The approach is towards the unknown. Your own entry into the space, whether dancer or musician, is determined by non-formulaic factors. You cannot tell how to enter the space until you do enter it. Once in the space either alone or with other musicians or dancers, your antennae are superbly discriminating, heightened. Your senses are enhanced. You look and do not look but see what is and what is not. Your listening is heightened. You hear silences in between drum rolls and crackling hard plastics and sounds, corrupted piano strings, clarinet and violin, that could at best be described as variations of delinquent-ness. On the edges of anarchy, you are called in ways that cross a shamanism. Your movements could overcome your being and body or it could be the gentlest and most delicate fibrillation of a hidden muscle in the subtleties of your physique. This is performance on the edge. And, when your senses wane you simply exit the stage.
In my case, after decades of this practice, I did expect to meet upheavals as residues of my psycho-political experience. The week of this performance was also the week that drove SA to the edge. It so happened that the grueling altercations between the SA public and the ANC NEC surrounded the potential resigning/impeachment/motion of no confidence of the, then current president Jacob Zuma. By Friday 16th February, the day of my performance, Zuma resigned and Ramaphosa was to be our new president.
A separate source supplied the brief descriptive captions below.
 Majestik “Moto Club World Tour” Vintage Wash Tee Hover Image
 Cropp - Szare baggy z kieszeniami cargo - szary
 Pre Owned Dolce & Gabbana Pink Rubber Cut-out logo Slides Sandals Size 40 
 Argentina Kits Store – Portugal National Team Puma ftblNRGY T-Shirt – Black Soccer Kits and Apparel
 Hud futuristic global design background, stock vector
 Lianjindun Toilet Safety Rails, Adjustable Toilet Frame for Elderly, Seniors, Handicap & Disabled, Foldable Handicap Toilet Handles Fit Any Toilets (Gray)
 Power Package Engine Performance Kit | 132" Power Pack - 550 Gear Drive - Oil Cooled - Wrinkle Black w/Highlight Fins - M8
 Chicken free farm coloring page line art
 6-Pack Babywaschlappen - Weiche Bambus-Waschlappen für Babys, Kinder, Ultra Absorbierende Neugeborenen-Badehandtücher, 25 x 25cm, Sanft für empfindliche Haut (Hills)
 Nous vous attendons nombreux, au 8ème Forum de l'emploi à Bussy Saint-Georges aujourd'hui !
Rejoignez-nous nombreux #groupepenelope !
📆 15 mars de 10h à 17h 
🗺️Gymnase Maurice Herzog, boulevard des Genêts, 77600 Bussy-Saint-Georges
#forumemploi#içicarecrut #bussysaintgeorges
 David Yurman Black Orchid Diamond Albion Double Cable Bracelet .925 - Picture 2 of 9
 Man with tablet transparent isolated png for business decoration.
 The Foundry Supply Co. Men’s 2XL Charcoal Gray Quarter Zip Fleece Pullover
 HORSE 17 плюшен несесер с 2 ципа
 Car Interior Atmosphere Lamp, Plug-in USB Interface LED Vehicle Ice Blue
The performance of Music Dance 021: The trauma of 9 years of what my body there and then discovered, as political abuse, was revealed to me in the performance with one musician on clarinet Visser Liebenberg. I felt the powers of horror, the abject of philosopher and avant-gardist Julia Kristeva in my limbs and emotions. Disgust, repugnance, nausea, rage in my immediate perceptions, sensations, drives and emotions was embodied as a body-chapter of my larger autobiography. This man and his political party fucked with my country and my life for close on a decade. It was only on the stage of the unknown that I felt, and allowed my body to experience the full implications of my complicity and passivity, helplessness and anxiety, my entanglement and chronic foreboding of cataclysm in the face of a slow and gradual, then accelerating crumbling of every structure, fiber, value and principle that my country would need to survive.
One spectator's comment: "You pulled your body through the eye of the South African needle," sufficed.
On Saturday morning, when I looked at the front page of Die Burger to see the image of the inauguration of Cyril Ramaphosa as new president, my body convulsed. I wept unstoppably. Hyperventilating, my body quivered and shivered. For a whole day I had the cold shivers of a sudden influenza. I embodied it like an animal in shock. Then I slept for 16 hours.
For a week afterwards I felt excarnated. My balance was often lost, I had strange frontal headaches and a stiff neck, needed sleep at any hour of the day, muscle pains came and left again and I avoided sociality. Gradually I recovered. My need to listen to the radio and the most recent news, receded. My body felt agile and able after a week.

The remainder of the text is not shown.